▸ PROVIDED MATERIAL
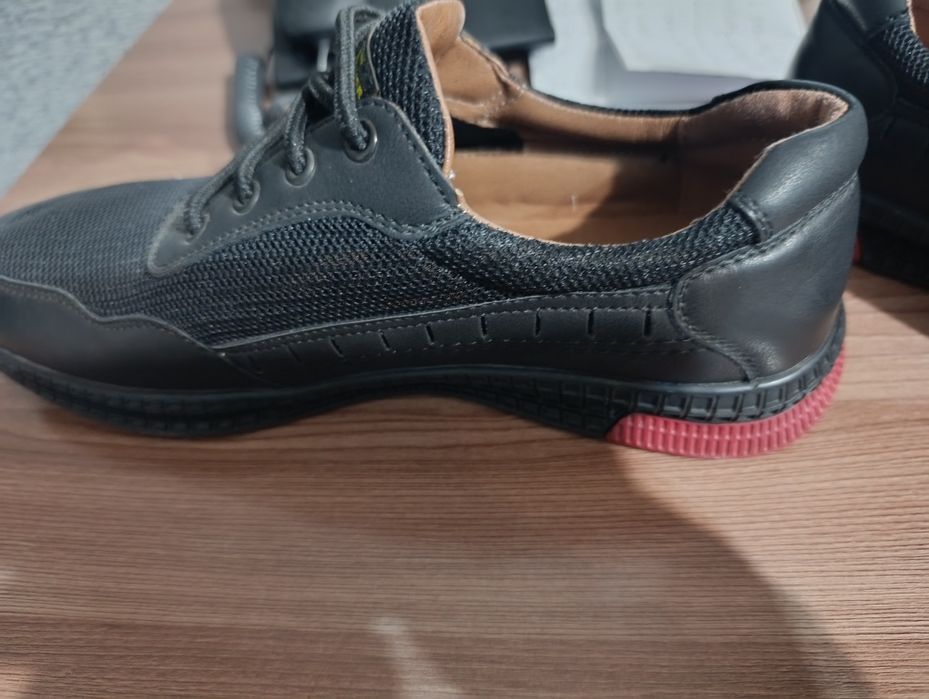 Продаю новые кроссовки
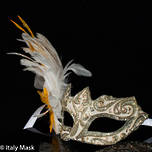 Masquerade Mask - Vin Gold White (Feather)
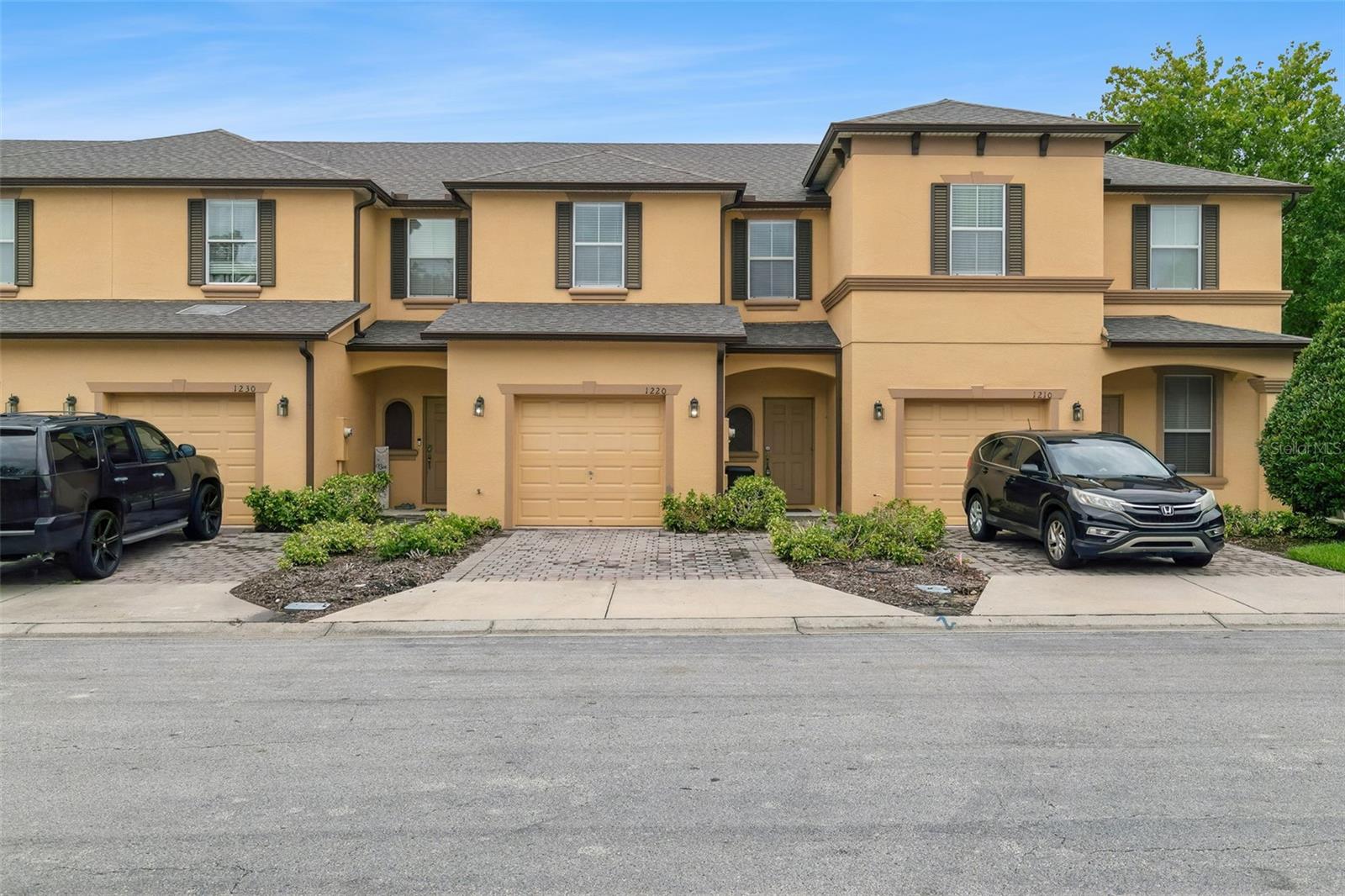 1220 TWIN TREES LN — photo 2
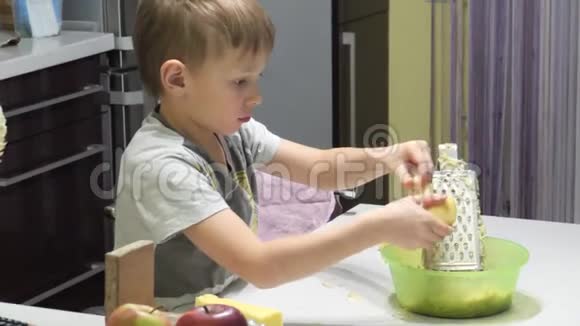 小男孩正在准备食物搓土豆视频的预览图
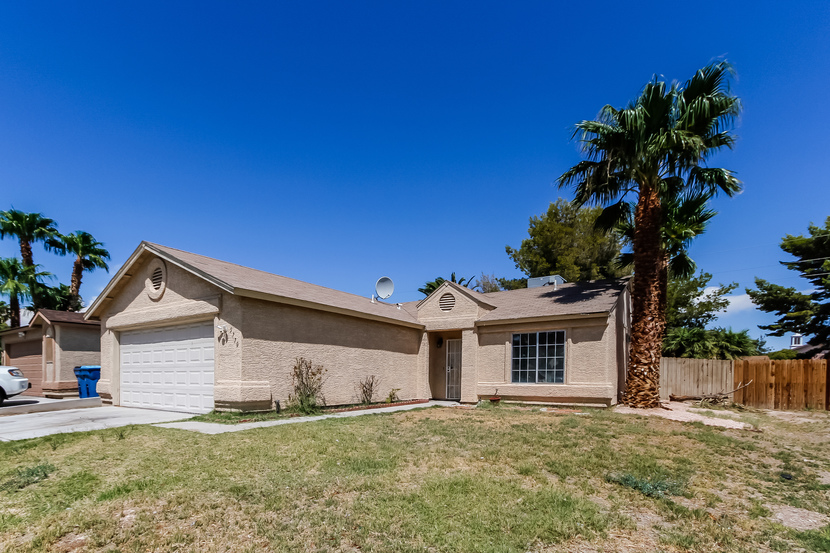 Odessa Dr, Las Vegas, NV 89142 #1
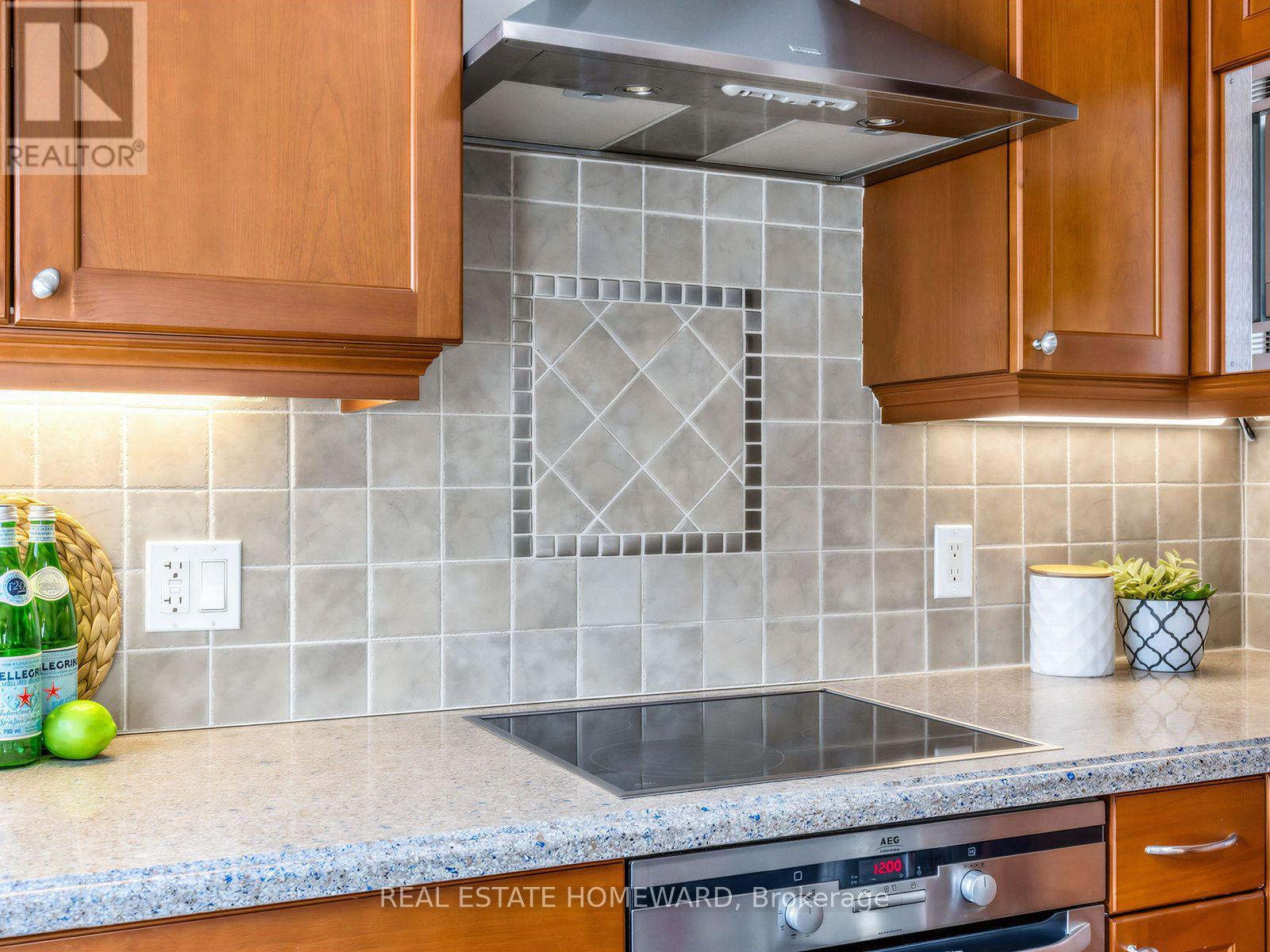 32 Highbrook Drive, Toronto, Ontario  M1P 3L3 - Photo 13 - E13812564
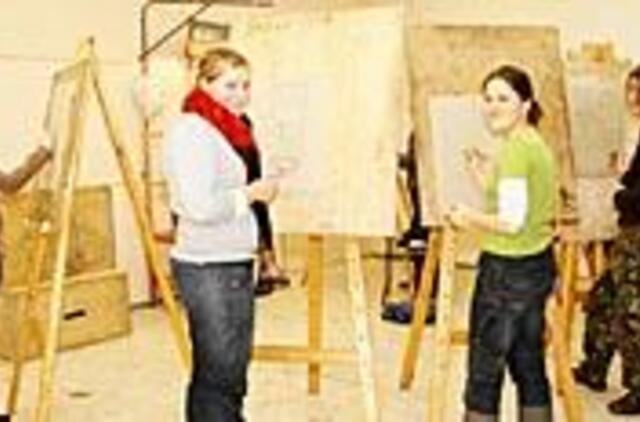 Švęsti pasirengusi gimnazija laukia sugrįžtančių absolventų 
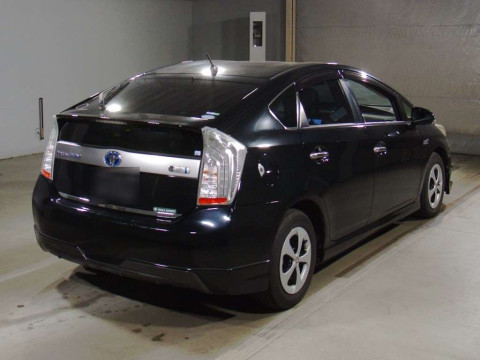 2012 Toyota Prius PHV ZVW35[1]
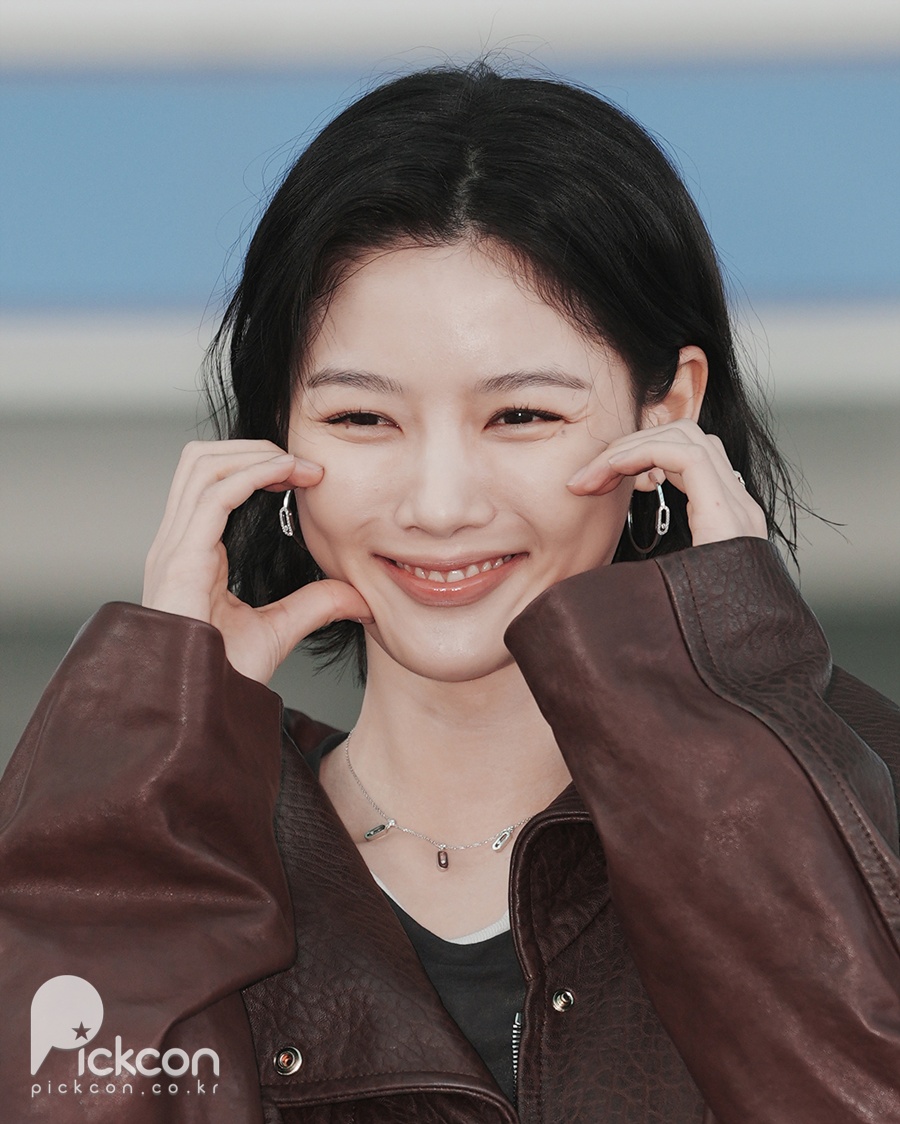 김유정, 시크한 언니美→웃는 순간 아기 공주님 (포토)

▸ EXERCISE REQUIREMENTS
The answer should match the material exactly, with every picture removed.

▸ EXERCISE SOLUTION
 Продаю новые кроссовки
 Masquerade Mask - Vin Gold White (Feather)
 1220 TWIN TREES LN — photo 2
 小男孩正在准备食物搓土豆视频的预览图
 Odessa Dr, Las Vegas, NV 89142 #1
 32 Highbrook Drive, Toronto, Ontario  M1P 3L3 - Photo 13 - E13812564
 Švęsti pasirengusi gimnazija laukia sugrįžtančių absolventų 
 2012 Toyota Prius PHV ZVW35[1]
 김유정, 시크한 언니美→웃는 순간 아기 공주님 (포토)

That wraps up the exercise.